25.勉強会

「えっ、嘘! えっ、嘘だぁ! ホントに流星くん!? 嘘!!」
 土曜日。流星を迎えに玄関までやってきた奈央は、扉の先から現れた待ち人を見て叫び声を上げた。
「久し振り。嘘じゃないよ」
 流星は苦笑しながら奈央に挨拶する。奈央は両頬に手を当て、口を開けて流星を見つめるばかりで、声を発することすら出来ない状態だった。俺は靴を脱ぎ、玄関に立ち塞がる百五十五センチ大の荷物を抱え上げて中に上がった。
「ギャッ! 何すんの兄貴! 離せ!!」
「邪魔」
「いやー! 痴漢! 人さらい! シスコン!!」
 喚く奈央をリビングのソファに置き、玄関に立ったままの流星を迎えに行った。
「悪い」
「人さらいの現場を見せたこと? 相変わらず仲良いね」
 俺はあえてノーコメントで返し「スリッパはそれ」とだけ言って、玄関に一番近い部屋のドアを開けた。それが俺の部屋だった。流星は笑いながら靴を脱ぎ、綺麗に揃えて置いて中に入った。
 ――と、そこでインターフォンが鳴った。俺は流星に部屋へ入るよう言い、自分は玄関の方に戻った。
「奈央、出ろよ」
「頼み方~?」
「悠木」
「早く言ってよ兄貴」
 インターフォンの近くにいた奈央はソファから飛び降り、受話器を上げて応対する――ワントーン高めの猫被りな声が後ろから聞こえた。
 玄関を出て階段を下りていく。途中で悠木と出会った。うちがある三階まで、悠木はいつもエレベーターを使わずに階段でやってくるのだ。目が合うと悠木はパッと満面の笑みを浮かべた。
「おはよーございます!」
「はよ」
 悠木は両手に膨らんだビニール袋を抱えていた。手を伸ばし、重そうな方を一つ勝手に取った。
「何持ってきたんだよ」
「え? おやつとおやつと、あとおやつとココア!」
 土産は持ってこなくていい、と再三言っているのだが、悠木は自分が食べたいからと聞かない。
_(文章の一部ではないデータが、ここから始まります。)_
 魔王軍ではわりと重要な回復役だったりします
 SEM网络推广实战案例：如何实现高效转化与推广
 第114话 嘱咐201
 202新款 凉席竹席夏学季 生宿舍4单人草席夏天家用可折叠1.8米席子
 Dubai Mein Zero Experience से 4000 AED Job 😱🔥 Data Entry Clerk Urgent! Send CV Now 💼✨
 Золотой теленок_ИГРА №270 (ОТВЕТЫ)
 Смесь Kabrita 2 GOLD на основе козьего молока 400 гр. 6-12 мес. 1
実際悠木は持ってきたお菓子をよく食べるので、最近はもう好きにさせている。
「流星は? もう来てる?」
「来てる」
「うわぁ!」
「うわぁって何」
「すげー感動ってこと!」
 そんな会話をしながら三階に上がり、家に入る。奈央は玄関に舞い戻っていた。
「お邪魔しま~す!」
「どうぞどうぞ~。今日は夕方までお母さんいないよ」
「うん、カズから聞いてる。俺うるさかったら言ってね」
「慧くんはうるさくても壮絶にかっこいいから全然OK問題なし」
「マジ? これ賄賂ね」
「わーい!」
 悠木は奈央に奈央用の土産を手渡した後(今日はクッキーらしい)、俺の部屋に勝手に入っていった。
 座布団の上に正座していた流星の横に、悠木は素早く駆け寄っていく。
「流星! 久し振り!」
「おはようございます」
 悠木の扱いに少し慣れてきたらしい。二日前の木曜日に三人で昼食を取ったばかりたったが、流星は微笑みながらさらりと挨拶を返した。
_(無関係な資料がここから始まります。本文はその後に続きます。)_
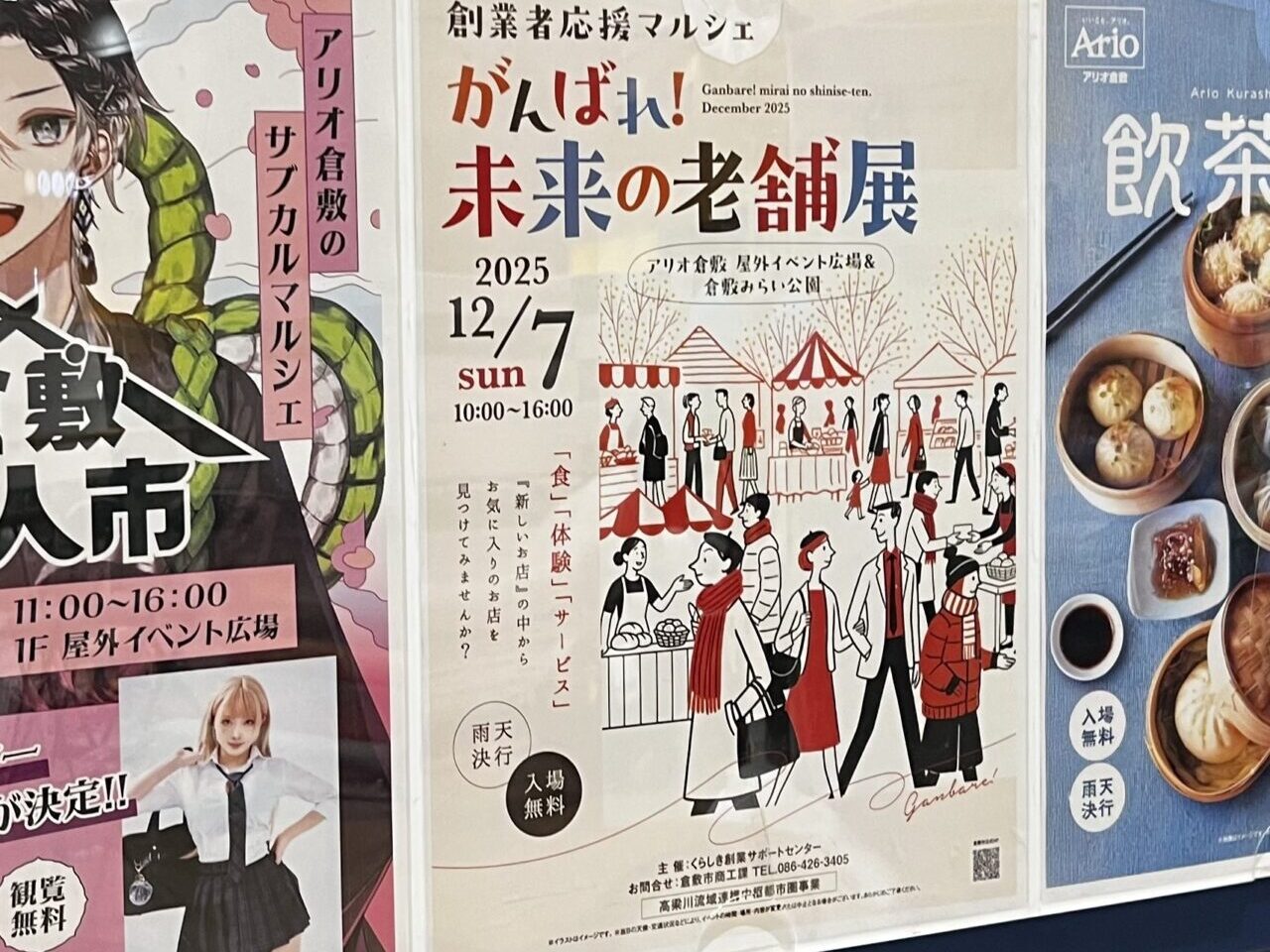 がんばれ未来の老舗展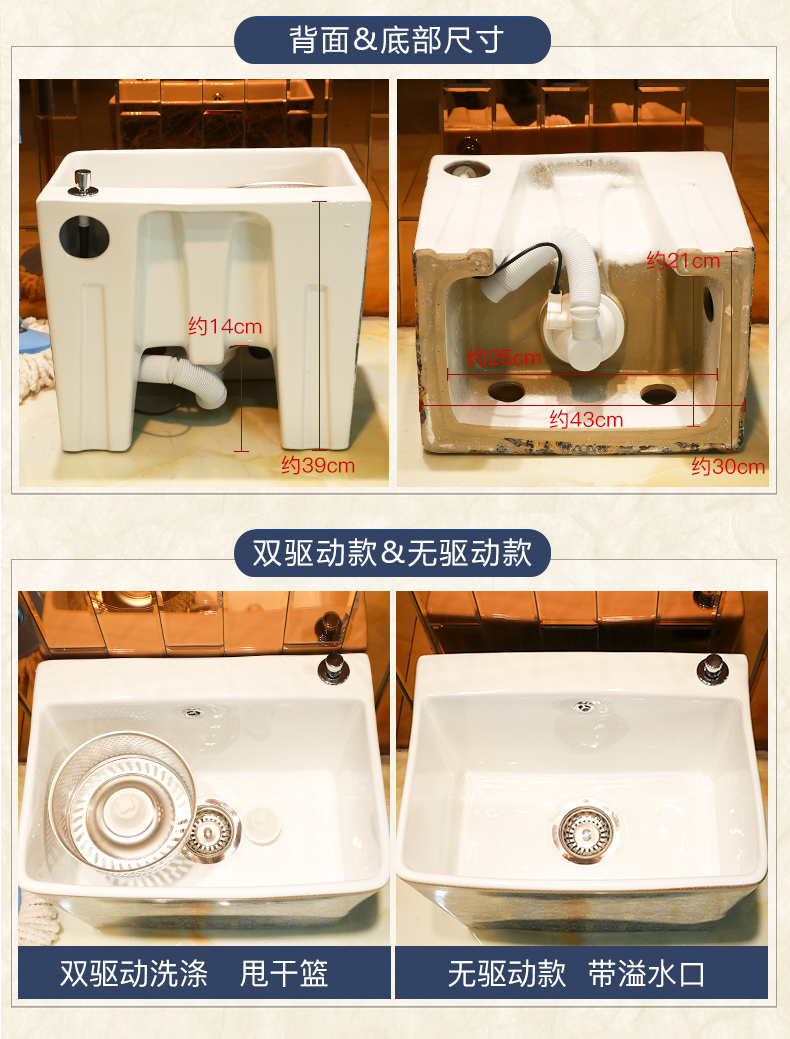 Contracted ceramic mop pool cleaning mop pool balcony towing basin sink size small toilet floor type household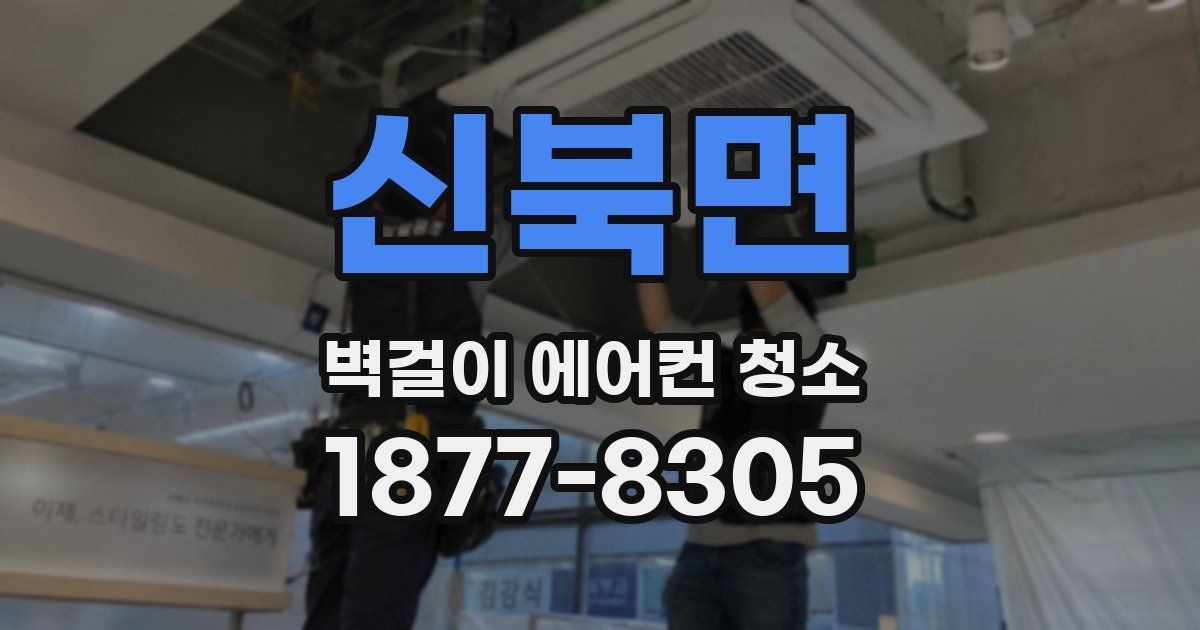 신북면 벽걸이 에어컨 청소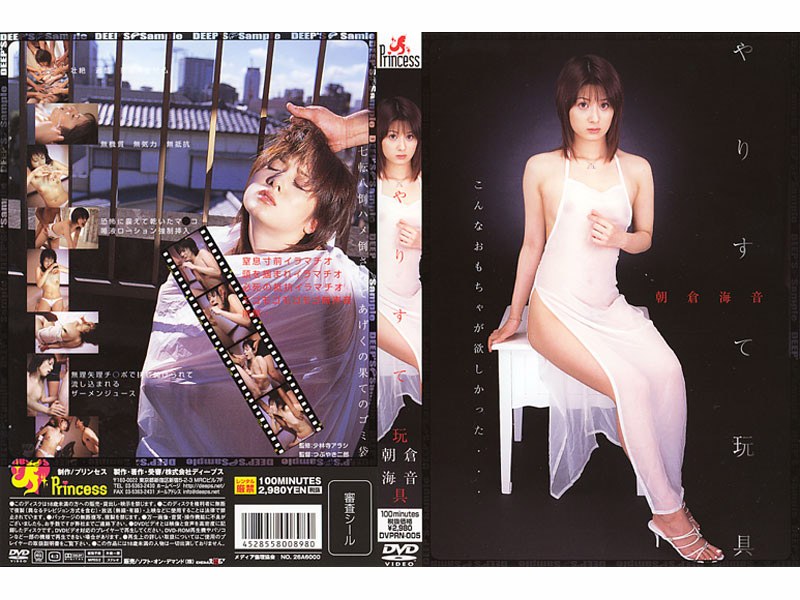 DVPRN-005 Cover Image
 話し出した二人を置いてグラスを取りにキッチンへ行くと、奈央が人数分用意しているところだった。
「慧くんは?」
「例の持ってきた。けど多分後で飲むだろ」
「あの甘ーいやつ?」
「あの甘いやつ」
 俺が悠木から取り上げた袋には、一リットル紙パックのミルクティーと地方の特産品らしい六個入りパッケージのプリンが入っていた。もう一つの買い物袋にはおそらく大量のお菓子が詰め込まれていることだろう。それら全てを悠木が自腹で購入したわけではない。奈央へのお土産など一部を除いて、殆ど全てがバイト先の客からの貢物――もとい、贈り物なのだ。
 初めは悠木も断っていたのだが、オーナーの奥さんの勧めもあり(受け取ってあげた方が喜ぶのよ、お友達と一緒に食べなさい、という風に言われたらしい)、そのうち方針を変えた。今では悠木を孫のように可愛がるご年配のご婦人たちや、息子のように可愛がるご年配の紳士たちから、細々した菓子類、旅行土産や出張土産などを貢がれている。お返しはもちろん、笑顔と元気だ。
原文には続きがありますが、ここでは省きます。